News: Diverse food service team shares passion during exercise
JOINT BASE LANGLEY-EUSTIS, Va. - Approximately 20 food service personnel from the 390th Seaport Operations Company, the 301st Military Police Company, the 302nd Transportation Company and the 743rd Seaport Operations Company have joined forces to prepare their first dinner meal July 28 for service members participating in the SPOC Train 13-2 exercise here.
Sgt. 1st Class Ferris Scott, with the 941st Transportation Company out of North Charleston, S.C., is the food service non-commissioned officer in charge of the food service staff during the exercise. He has made it his number-one goal to ensure supplies are stocked and ready to feed all the service members during their training. He also ensures the food preparation runs smoothly.
“My biggest challenge, let’s say for the next three days, is to have a true head count,” said Scott. “That way I know how to order my food. And once I get a good handle on that, everything else is history.”
There are more than 500 service members from more than 16 units expected to be participating in the exercise, which focuses on ocean terminal operations and cargo transportation training along with force protection measures.
Scott is prepared to tackle the task of feeding service members by simply going by the numbers.
“Mainly, everything is based on a 21-day menu, and all meals are based on 100 servings,” said Scott. As a mathematician would contemplate an equation, Scott breaks down how many pounds of meat he will need based on the number of people he knows he has to serve.
Scott has the added bonus of being able to buy produce and other food through local purchase. This means he can go directly to the commissary on post to order and pick up fresh groceries.
At the other end of the numbers game, Sgt. Iris Williams, a food service non-commissioned officer with the 390th SPOC, plans to face the challenge of feeding the large number of people a little differently. Williams, a native of Fajardo, Puerto Rico, and the first cook for the crew, puts up posters and plays salsa music in the dining hall.
The radio blasts rhythmic drumbeats as the other cooks dance and sway while they prepare the evening meal in the kitchen.
“Music tames the beast,” said Williams. “We are here to aid in the accomplishment of the mission, and after a hard day’s work, sitting down to a good meal can do that. Good food equals better soldiers … so they can gain knowledge from the training.”

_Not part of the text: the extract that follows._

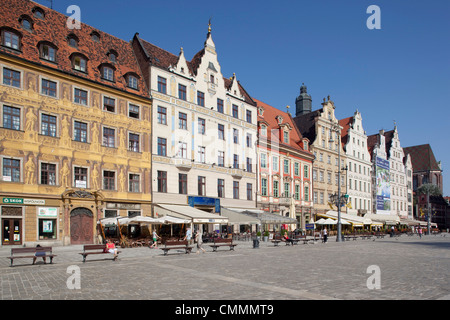 Farbenfrohe Architektur, Marktplatz, Altstadt, Breslau, Schlesien, Polen, Europa Stockfoto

Williams also created colorful posters herself and displays them for service members to read as they wait in line for dinner. The posters educate on healthy food choices and the importance of taking care of the body through drinking enough water.
Williams said it isn’t hard working with people from different units because some of them have had the opportunity to work together before.
“Our communication is excellent,” she said.
Williams said the crew’s passion for cooking is what makes them succeed at their work. She said as long as people understand their purpose, they will have passion.
Scott isn’t all about the numbers and portions when it comes to his job. He plans to let the units prepare versions of their own local foods, as the crew consists of people from all over the world, such as Puerto Rico, the Dominican Republic, Haiti, as well as Virginia.
“To tell you the truth, I like my job because I can be creative,” said Scott. “And when I get in the kitchen, it’s just like when I get on a tractor trailer back home; I can drive all day long. I never get tired.”
As service members wait in line for dinner service in the dining hall, they occasionally can’t help but dance along to the music and eagerly await the first of many meals to come for the training days ahead.